◆ **EXERCISE PROMPT**
Repeat the data word for word and skip the pictures.

◆ **COLLECTED MATERIAL**

• • • •

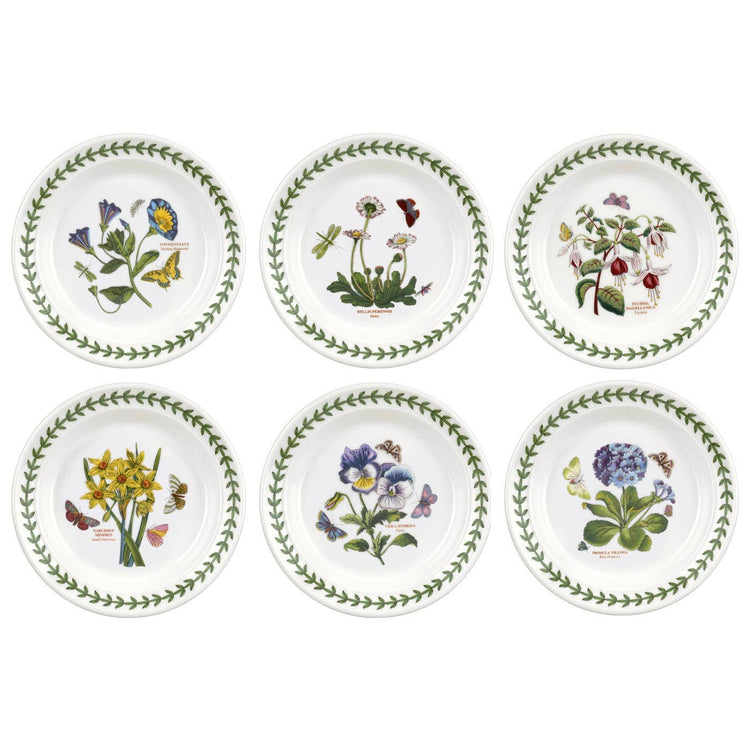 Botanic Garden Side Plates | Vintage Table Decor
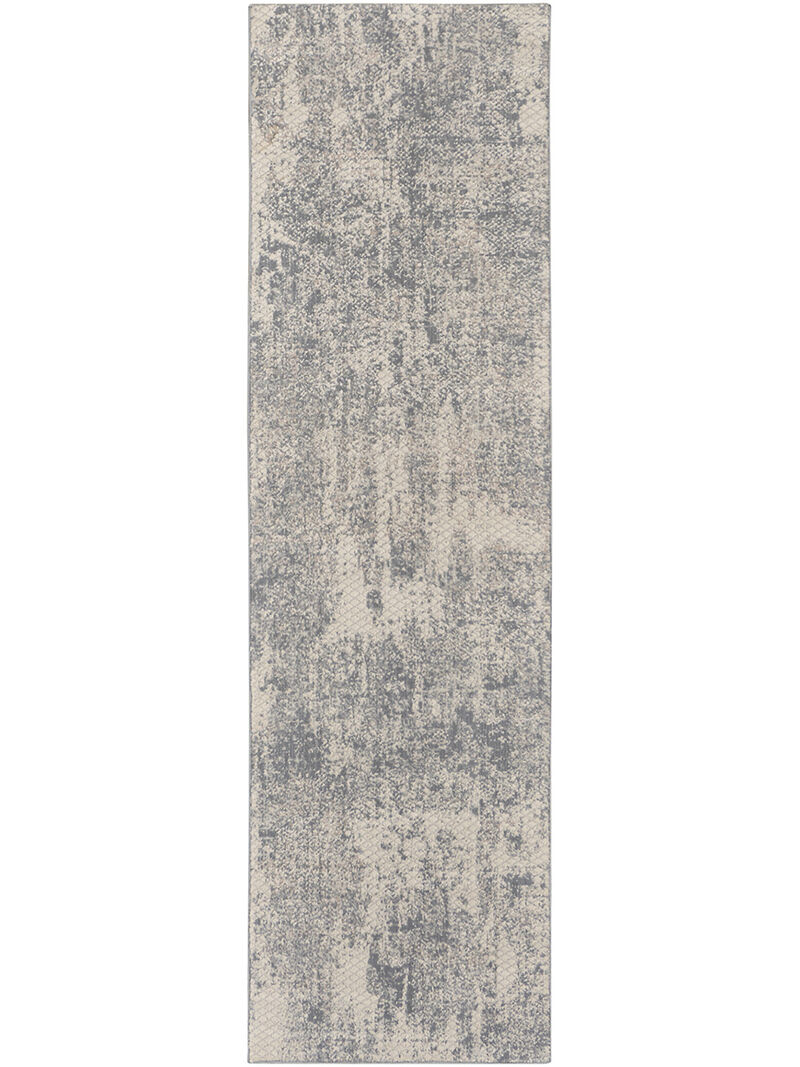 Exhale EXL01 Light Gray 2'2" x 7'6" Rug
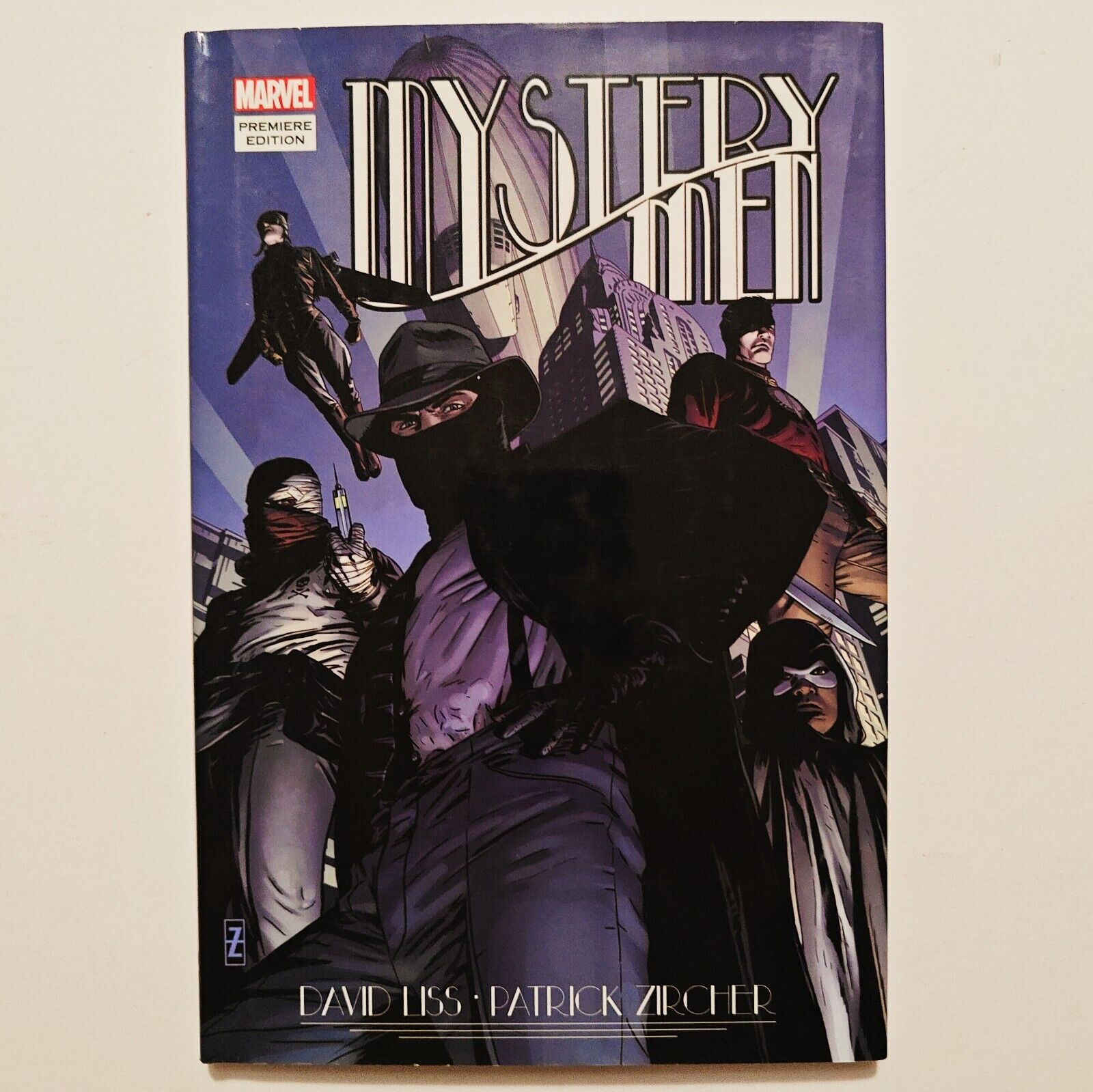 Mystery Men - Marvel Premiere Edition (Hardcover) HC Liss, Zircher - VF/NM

• • • •

◆ **EXERCISE RESULT**
 Botanic Garden Side Plates | Vintage Table Decor
 Exhale EXL01 Light Gray 2'2" x 7'6" Rug
 Mystery Men - Marvel Premiere Edition (Hardcover) HC Liss, Zircher - VF/NM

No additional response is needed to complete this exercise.